Under this controlled approach there is a huge difference in the job design principles (Walton 1985) compared to high commitment management approach for which as illustrated previously individual employees are encouraged to work as teams, there is a flexible definition of their duties and the job design emphasises the whole task including both the thinking and doing of it. Traditional job designs however are based on scientific principles for which there is a fixed job definition, team work is not encouraged and accountability is focused directly on the individual whose attention is also limited to performing individual tasks (Walton 1985) and which is highly controlled for which commitment does not flourish.

Since the 1970s the traditional ford style of mass production has run into much difficulty and has needed to change its approach to management in order to gain competitive advantage, as due to globalisation the rapid demands of both customers and employees has changed (Biazzo, Panizzolo 1999). In many cases this has led to many organisations who used to follow the traditional management approach attempting to adopt the HCWPs mentioned earlier in order to become competitive, however they do so they are keeping the job designs already in place. Truss et al (cited in Marchington, Zagelmeyer 2005) found that in those organisations that are attempting to adopt HCWPs, while the language of the HCWPs was evident in them so too was the hard model or traditional management emphasising financial control. In many of the literature it was seen that these organisations whilst attempting to implement HCWPs and encourage employee involvement and commitment are doing so using job designs associated with traditional scientific principles.

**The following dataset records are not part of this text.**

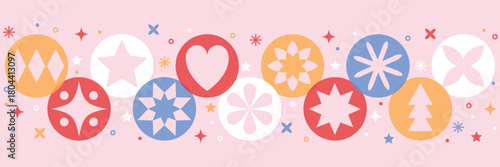 Christmas banner with decorations. Snowflakes and baubles. Vector illustration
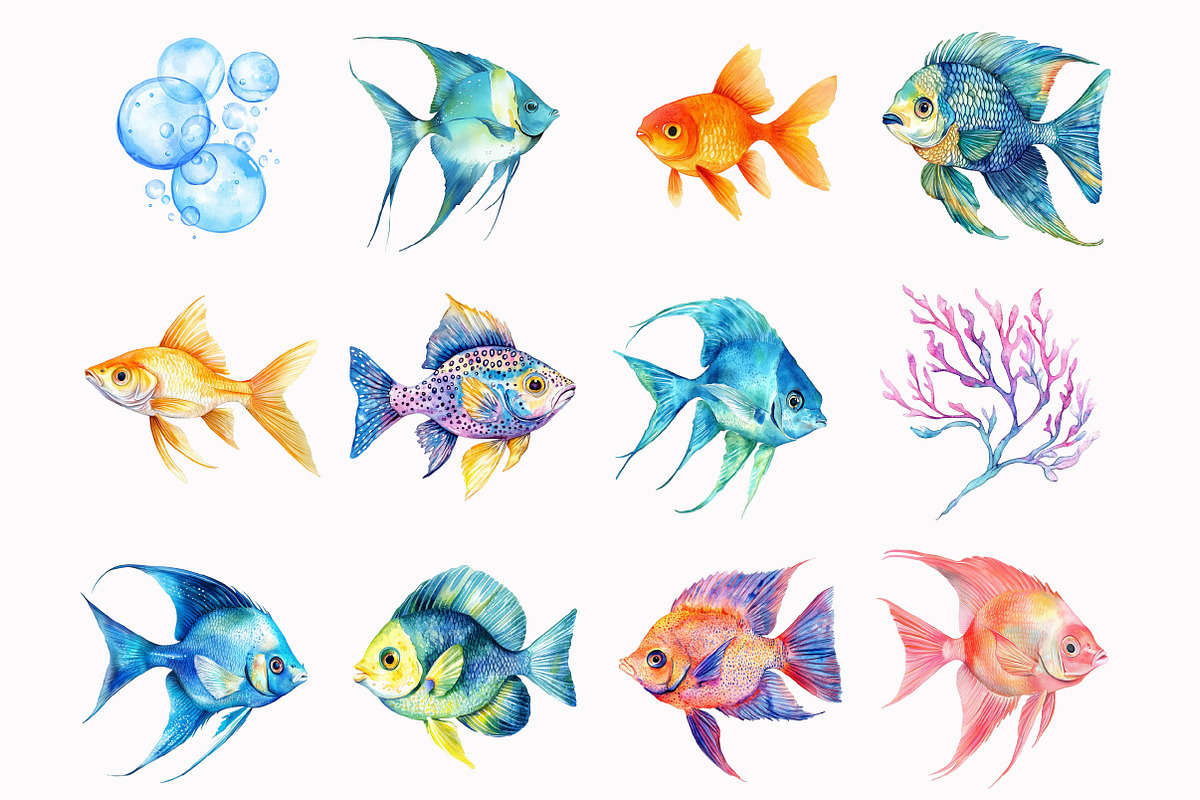 Watercolor fish clipart, an Illustration by Design Market (Photo 2 of 4)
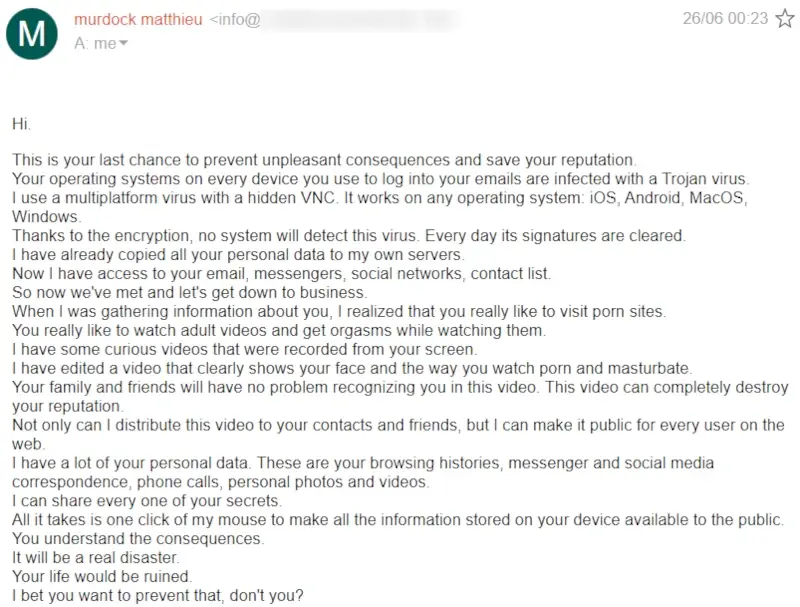 Esempio di email "This is your last chance to prevent unpleasant consequences and save your reputation."
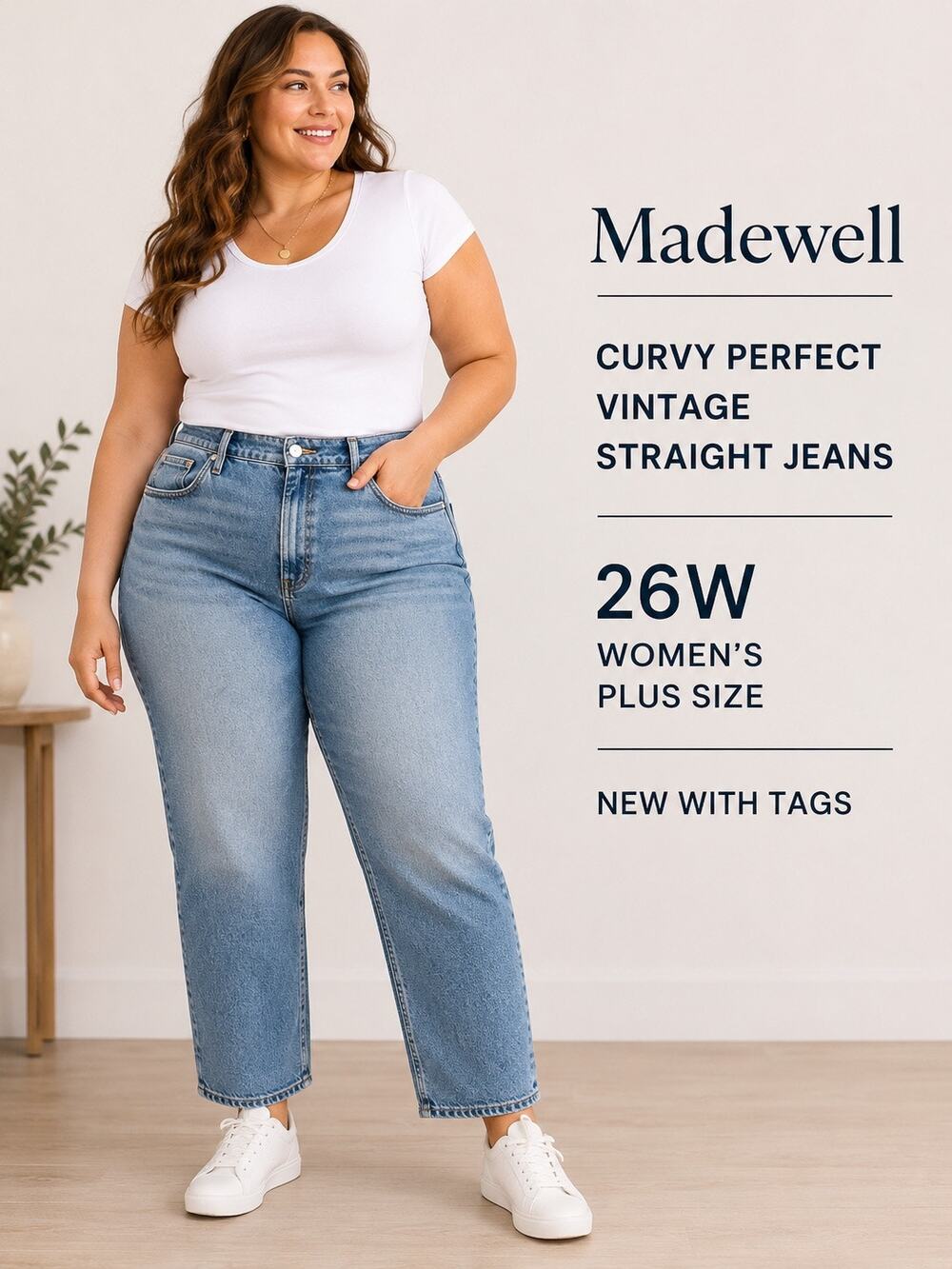 Madewell Curvy Perfect Vintage Straight Jeans 26W Plus High Rise NWT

A huge example of this is the case of McDonalds; though this organisation does not originate in the UK it is found widely here. McDonalds which can be seen as a quintessential example of the employing job designs based on scientific management. As McDonalds attempts to empower employees through employee involvement, with the offer of McDonald's business degrees to some of their staff, an emphasis is also placed on taking employees ideas into account. However what is evident is that McDonalds is attempting to adopt such HCWPs of team work and employee involvement in one way but is doing so with job designs that are strongly associated to that of scientific methods. As each and every job is within McDonald's is clearly defined especially at the lower levels of the organisation, this is further shown by the similarities in every McDonalds across the UK and nationwide. However, in doing this McDonalds is still very profitable but this approach to job design and not adopting HCWPs correctly may be the reason McDonalds is seen to have a large labour turnover (Royle 1999) and as Lashley (1996) illustrates the intentions behind McDonald managers is not to increase employee commitment or involvement but to it is a desire to provide more focus on the organisational profits. Other examples of organisations using traditional management styles include Ryanair and also Asda.